水里最容易有收获。池塘散落在村边和田间,被水渠贯通。水渠连着珠江最大水系的最大支流郁江。雨季时,水从高地流入大江,江中鱼逆流而上,在植被茂盛的水渠和池塘里繁殖。旱季稻田枯了,需要从池塘抽水灌溉。大家密切关注水位,还没见底,便蜂拥而去。几十个人浩浩荡荡下塘捉鱼,有的赤手空拳,有的用网抄,有的用簸箕捞,有的用电鱼机扫,甚至有的拿铁棍、木棍敲打,把塘底搅成泥潭,鱼翻水涌,孩童欢叫,妇女叫骂,好不热闹。

我谙熟捉鱼技巧,常常有收获。有时跟电鱼人后面捡被电晕的小鱼仔,偶尔也能摸到半晕的大鱼。池塘里的野鱼,巴掌宽就算大,两三斤算是巨物。此外,掏洞最容易有惊喜。塘底有从地下生出的巨石,形成很多天然石洞。其他人想掏却不敢掏。过去有人掏洞被咬,没在意,隔天不起床干活,家人叫他,夜里已经死在床上。只有我们这些非常渴望捉到好鱼的孩子不顾一切地掏,摸到什么都拉出来往岸上丢,有时是塘角鱼或黄鳝,有时是大蛇。

捉到的鱼带回家给父亲处理。活泼的养着,死了的和要死不活的马上宰,去菜园摘两根青瓜一起炒。青瓜汲取了鱼腥味,鱼肉吸走了果蔬味,各自味道都恰到好处。白豆腐和鱼也适合一起,豆腐口感绵软,大病后的奶奶身体衰老,牙齿快掉光,最喜欢这道菜。

农村的池塘像稻田旱地供养着一方人。第一次集体下水,大家都想捉大鱼。过些天,水干得更厉害,小鱼浮在泥水上冒泡,用抄网捞一下得几条。干得快要见底,我和小伙伴们用泥筑坝,将水域分成几块,选择鱼多的那块,把水舀去另一块。舀干了,小鱼在泥巴上摆动,说是捉鱼不太准确,应该是捡鱼。捡完换一边继续舀。池边多竹林,林里的鸟见鱼那么多,欢快地和人抢,飞来飞去,起起落落。人和鸟都捉不完的,等水干了全晒死,猫狗会来收尾。
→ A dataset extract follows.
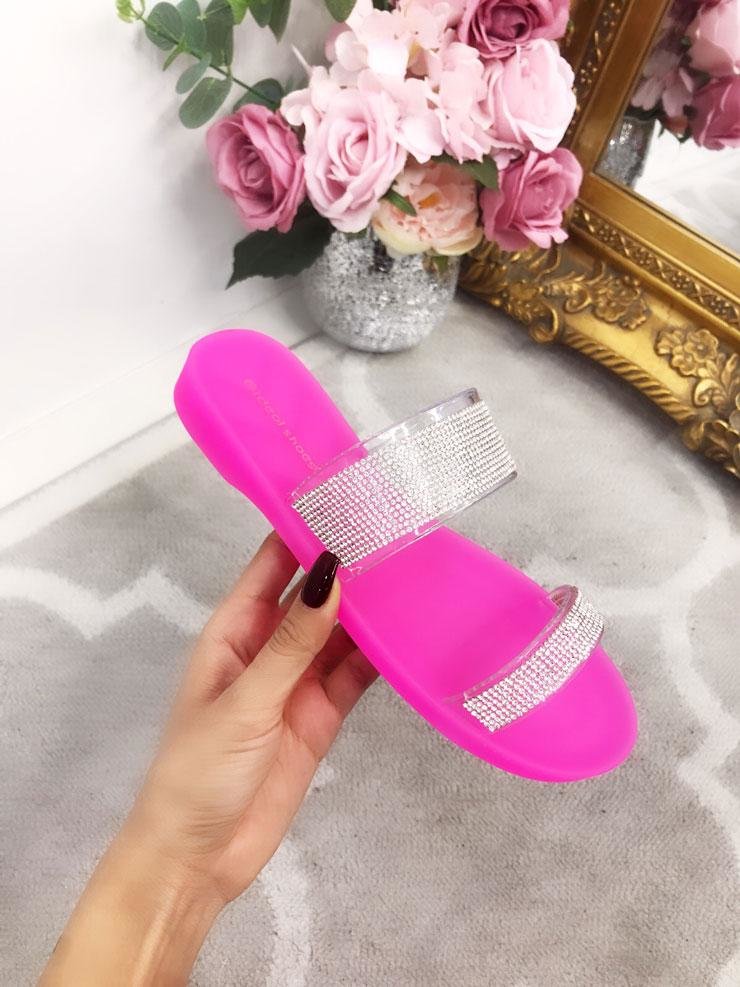Celia Double Strap Diamante Sliders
小鱼多了吃不完,父亲便学着奶奶以前的做法:洗干净,稍微大的去头去内脏,小的只去内脏,然后用文火慢煎,放盐不放油,两面煎到微,铲进簸箕,铺开晾晒几天,做成鱼干。鱼干能在玻璃罐中存储很久,嘴馋了夹出半碗用清水泡泡,加入油和酱油、生姜蒜头,洒点豆豉蒸熟,骨肉一口嚼,下饭。
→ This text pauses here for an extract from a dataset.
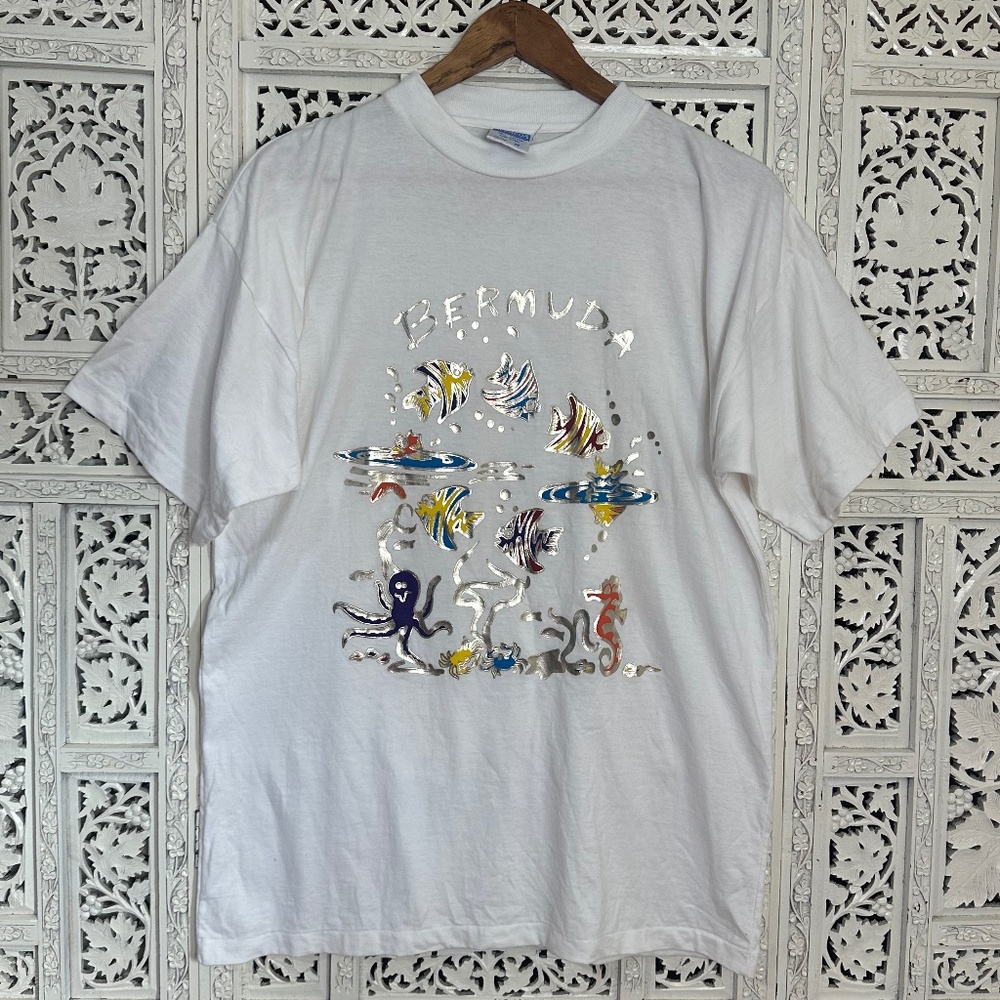 Vintage Davidsons Metallic Fish Nautical Bermuda T Shirt‎ Sz Medium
塘底只剩湿泥巴时,才可以找到最美味的鱼:泥鳅和黄鳝。

泥鳅十分敏捷,要靠眼力和手速。挖急了,有动的物体就条件反射下手。有次扒开泥后见什么剧烈蠕动,以为是大泥鳅,伸手就捧,那家伙蜷曲的身子舒展开来,抬头就往我脸上咬,我霎时甩得远远的。过去一看,是一条背部色彩斑斓、身侧两条红线、头颅呈三角状的水蛇。泥鳅捉回去放清水养几天,煎着最妙,油盐烧得滚烫,放入碎姜,也可以加点辣椒、蒜头,吃起来表皮香脆,里肉香软。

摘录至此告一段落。